Les critiques de la décision du tribunal ont été rapides. «Légalisation du racisme», lisez le titre de l'éditorial du Washington Post . Un chroniqueur du Pittsburgh Courier, l' un des principaux journaux noirs, a comparé Korematsu à Dred Scott, la victime la plus connue de l'histoire américaine en matière de préjugés sanctionnés par les tribunaux. Mais le public a senti différemment. Dans un sondage Gallup de décembre 1942, seuls 35% des Américains avaient convenu que "les Japonais déplacés de la côte du Pacifique vers l’intérieur du pays devraient être autorisés à revenir" après la guerre. La plupart des personnes qui ont répondu "non" voulaient que les internés soient déportés.
Deux semaines après la décision, l'administration Roosevelt a commencé à libérer un groupe américain-japonais sélectionné. Les parents de Korematsu rentrèrent à Oakland en mai 1945 pour trouver leur pépinière de fleurs dans un lambeau délaissé par les locataires. Des milliers de détenus qui pensaient n'avoir nulle part où aller ou craignaient de retourner sur la côte ouest hostile restèrent dans les camps jusqu'à la fermeture de la dernière d'entre eux en mai 1946.
Korematsu s'est marié, a eu des enfants, est retourné en Californie en 1949 et a travaillé comme dessinateur, bien que ses perspectives d'emploi soient toujours limitées par sa condamnation pénale. Pendant des décennies, il a eu des souvenirs douloureux de l'affaire et en a rarement parlé. Ses enfants ont appris à parler au cours d'histoire du lycée. Mais en 1981, un chercheur a découvert la preuve que le gouvernement américain avait présenté de fausses informations à la Cour suprême dans l'affaire Korematsu, tout en supprimant les informations révélant la loyauté des Américains d'origine japonaise au pays. Korematsu est retourné à la cour fédérale, cherchant à obtenir confirmation.
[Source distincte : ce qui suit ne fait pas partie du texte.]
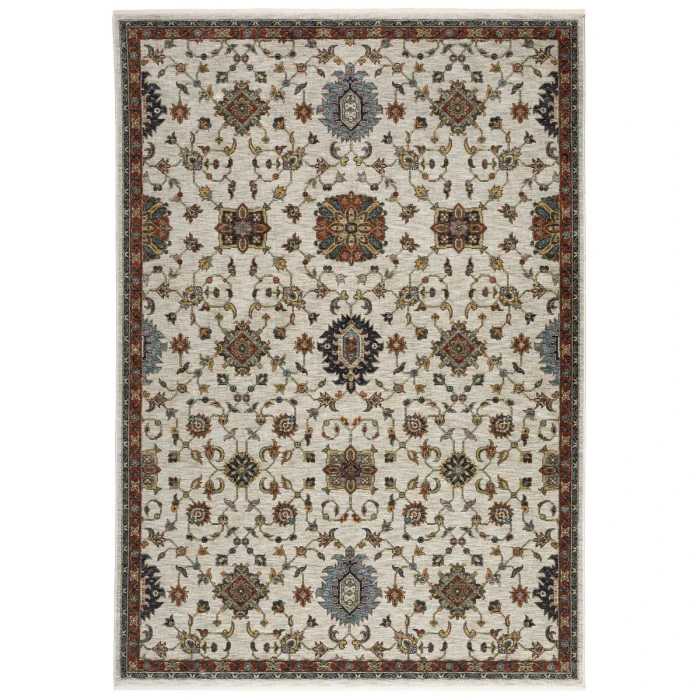 Oriental Weavers Area Rug Aberdeen 751W1 Ivory 6' 7" X  9' 6"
En 1983, un juge fédéral a annulé sa condamnation.
Korematsu est devenu un militant des droits civils, faisant pression sur le Congrès pour qu'il adopte la loi sur les libertés civiles de 1988, qui prévoyait une indemnisation et des excuses pour les anciens détenus de guerre. Il a reçu la médaille présidentielle de la liberté en 1998. Avant son décès en 2005, il avait déposé devant le Tribunal suprême américain un dossier en faveur des droits des détenus. En 2010, la Californie a célébré son anniversaire, le 30 janvier, à l'occasion de la Journée Fred Korematsu des libertés civiles et de la Constitution.
Aujourd'hui, Korematsu c. États - Unis est souvent décrit comme l'un des pires précédents de la Cour suprême. Largement rejeté mais jamais annulé, il fait partie d'un anti-canon qui légalisait la discrimination, avec Dred Scott v. Sandford, Plessy v. Ferguson et Buck v. Bell. Le juge Stephen Breyer, dans un livre de 2010, a qualifié la décision de "complètement discréditée".
En 2014, le regretté juge Antonin Scalia avait dénoncé la décision, mais avait lancé un avertissement. «[ Korematsu v. US ] avait tort», a-t-il déclaré à des étudiants en droit à Hawaii. «Mais vous vous moquez de vous-même si vous pensez que la même chose ne se reproduira plus…. Je ne serais pas surpris de la voir se reproduire en temps de guerre. Ce n'est pas une justification mais c'est la réalité. "
En novembre dernier, Carl Higbie, porte-parole d'un super-PAC qui soutenait l'élection de Donald Trump, a déclaré sur FOX News que l'internement japonais de 1942 créait un précédent constitutionnel pour un projet d'enregistrement des immigrants musulmans. Le commentaire de Higbie a suscité une condamnation générale - mais il a également averti que la décision Korematsu se trouvait toujours dans un coin sombre du droit américain. Jeté et dédaigné mais pas désarmé, l’arme dont le juge Jackson a mis en garde pourrait être tirée à nouveau.